Wenn der Schweizer Regierung, die der UBS zur Seite steht, nicht in letzter Minute einen Deal mit den Amerikanern gelingt, kommt es in zwei Wochen in Miami zu einer ersten richterlichen Entscheidung. Eine Niederlage würde nochmals viele UBS-Kunden kopfscheu machen, auch wenn die Schweizer den Entscheid bei der nächsten Instanz anfechten könnten.
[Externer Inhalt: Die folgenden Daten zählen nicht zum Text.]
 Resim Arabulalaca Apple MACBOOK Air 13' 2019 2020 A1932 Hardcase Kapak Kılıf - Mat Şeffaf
Investoren kriegen UBS-Aktien weit unter dem Börsenkurs

Wie unsicher die Lage rund um die UBS bleibt, zeigt der Umstand, dass die neuen Grossaktionäre der UBS nur 13 Franken pro Aktie zahlten, beinahe einen Franken unter dem Schlusskurs von gestern Abend. Noch vor zwei Wochen kosteten die UBS-Titel mehr als 16 Franken.

Die Aktienplatzierung bei Investoren hat zwei Seiten. Einerseits zeigt sie, dass die UBS wieder privates Geld kriegt. Kein Wunder, begrüsste die Eidgenossenschaft die Nachricht. Bekanntlich will der Bund seine 6 Milliarden, die er letztes Jahr als Nothilfe in die UBS einschoss, rasch loswerden.

Bis Anfang August, wenn die UBS ihre detaillierten Zahlen für das zweite Quartal präsentieren wird, verzichtet der Bund auf mögliche Verkäufe seiner UBS-Titel – ein Entgegenkommen an die neuen Aktionäre, die sonst sinkende Kurse befürchteten.
UBS-Sprecher Christoph Meier bestätigt, dass man den neuen Investoren «die Gewissheit» geben wollte, «dass nicht kurzfristig eine weitere Aktienplatzierung stattfinden» würde. Eine solche hätte auf den UBS-Aktienkurs gedrückt. Laut Meier haben sich alle Käufer im grossen Stil beteiligt, mit Tranchen von «mindestens 100 Millionen Dollar».

Bereitet sich die Bank auf eine Niederlage in Florida vor?

Andererseits stellt sich die Frage, warum UBS-CEO Oswald Grübel gerade jetzt die Jokerkarte des von der Generalversammlung erst vor kurzem genehmigten Kapitals spielt. Eine mögliche Erklärung ist der bevorstehende grosse Prozessauftakt in Miami, auch wenn dies im heutigen Communiqué nicht bestätigt wird.

Zwar besteht nach wie vor die Möglichkeit einer aussergerichtlichen Einigung zwischen den USA und der UBS, vermittelt durch die Eidgenossenschaft, die wohl Hand bieten müsste zu einer weiteren Datenherausgabe. Allerdings rätseln Anwälte, mit welchem Gesetzesartikel die Schweiz einen solche Deal eingehen könnte.

Doch die Unsicherheit des Verfahrens ist gross, und die UBS muss alles in ihrer Macht stehende vorkehren, um einem drohenden beschleunigten Vermögensabfluss nach einer allfälligen Niederlage mit einem dickeren Eigenkapitalpolster entgegen zu treten.

Die so genannte Tier-1-Quote, das ist das Verhältnis des direkt zur Verfügung stehenden Eigenkapitals (Aktienkapital, Reserven, zurückbehaltene Gewinne) zu den mit ihren Risiken gewichteten Aktiven, beläuft sich nach der Aktienplatzierung von heute auf über 12 Prozent.

Das ist weniger als die 14 Prozent von Konkurrentin Credit Suisse, nähert sich aber dem Niveau an, welches die Schweizer Aufsichtsbehörden beiden Grossbanken für die Zeit nach der Krise ins Pflichtenheft geschrieben hat.